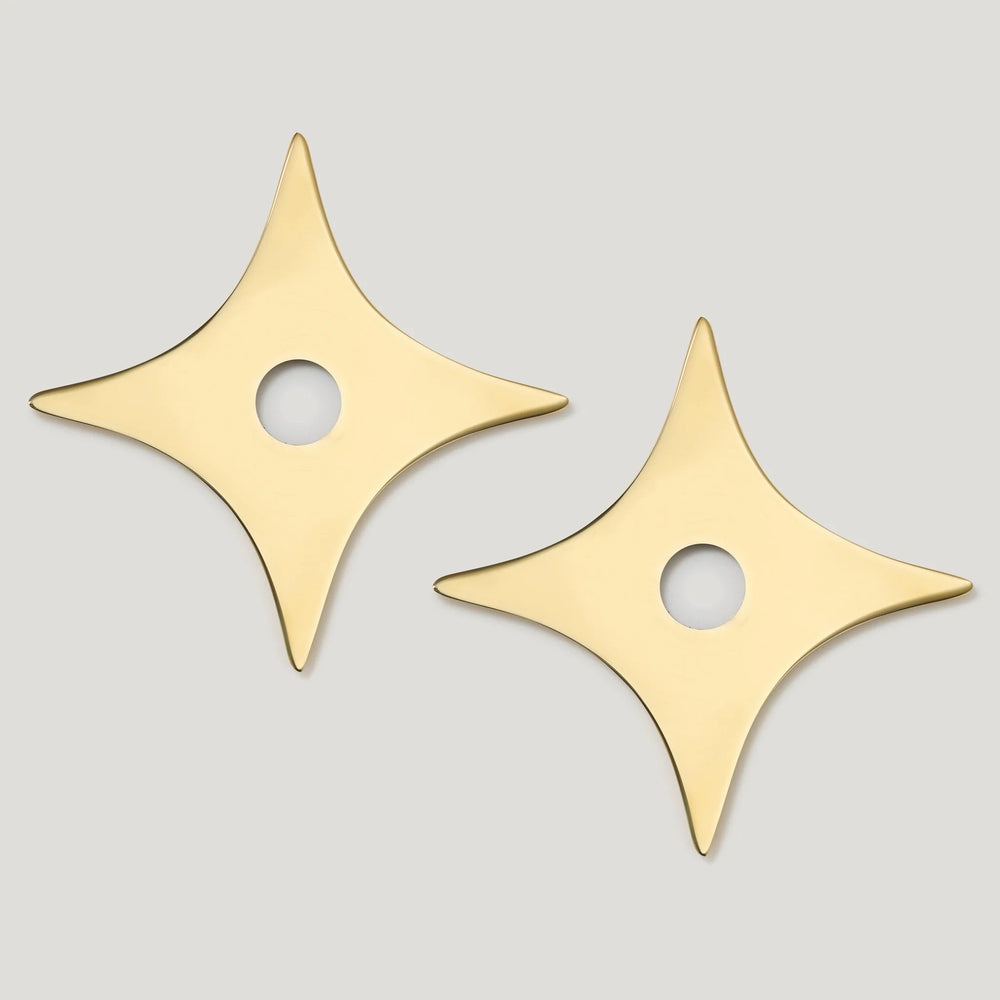 Ada Star Cabinet Pull Backplates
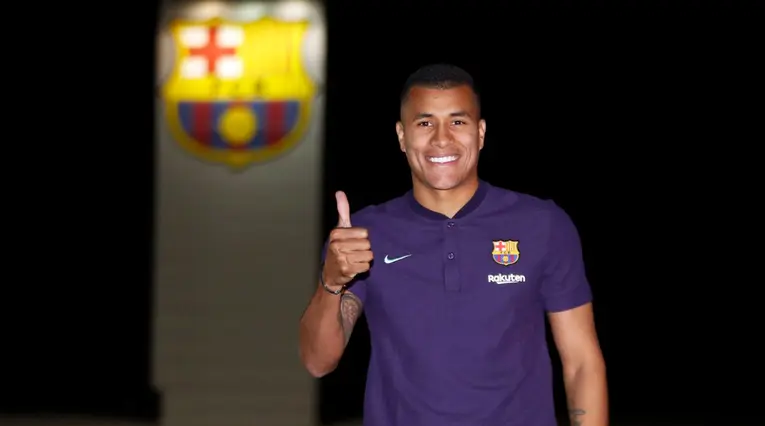 Jeison Murillo como nuevo jugador del Barcelona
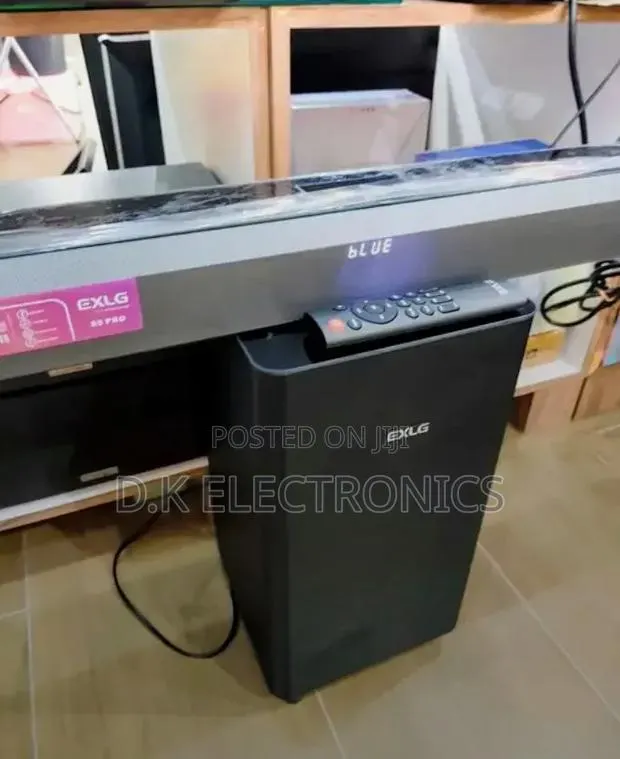 Exlg Pro S5 Wireless Deep Bass Tv 2000 Watts Soundbar · Photo 1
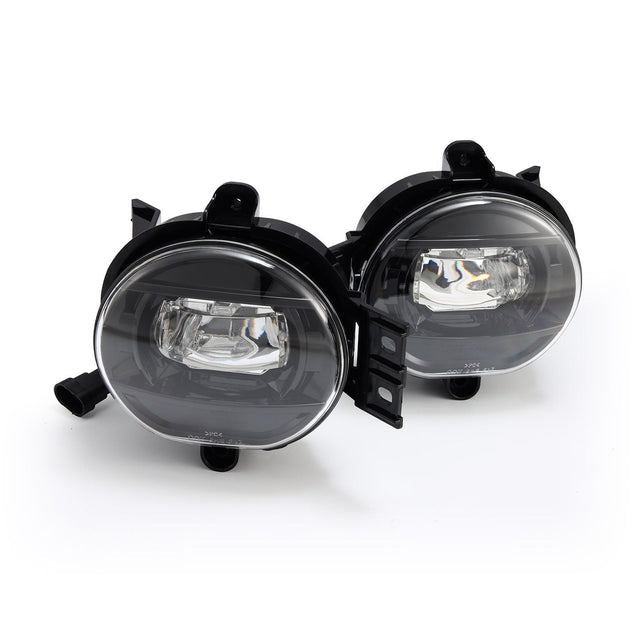 02-08 Dodge Ram 1500/03-09 Ram 2500/3500/04-06 Durango DoubleTap Dual Color LED Projector Fog Lights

════

PROBLEM REQUIREMENTS: In copying the material, drop all pictures and keep everything else identical.

EXERCISE OUTPUT:
 Ada Star Cabinet Pull Backplates
 Jeison Murillo como nuevo jugador del Barcelona
 Exlg Pro S5 Wireless Deep Bass Tv 2000 Watts Soundbar · Photo 1
 02-08 Dodge Ram 1500/03-09 Ram 2500/3500/04-06 Durango DoubleTap Dual Color LED Projector Fog Lights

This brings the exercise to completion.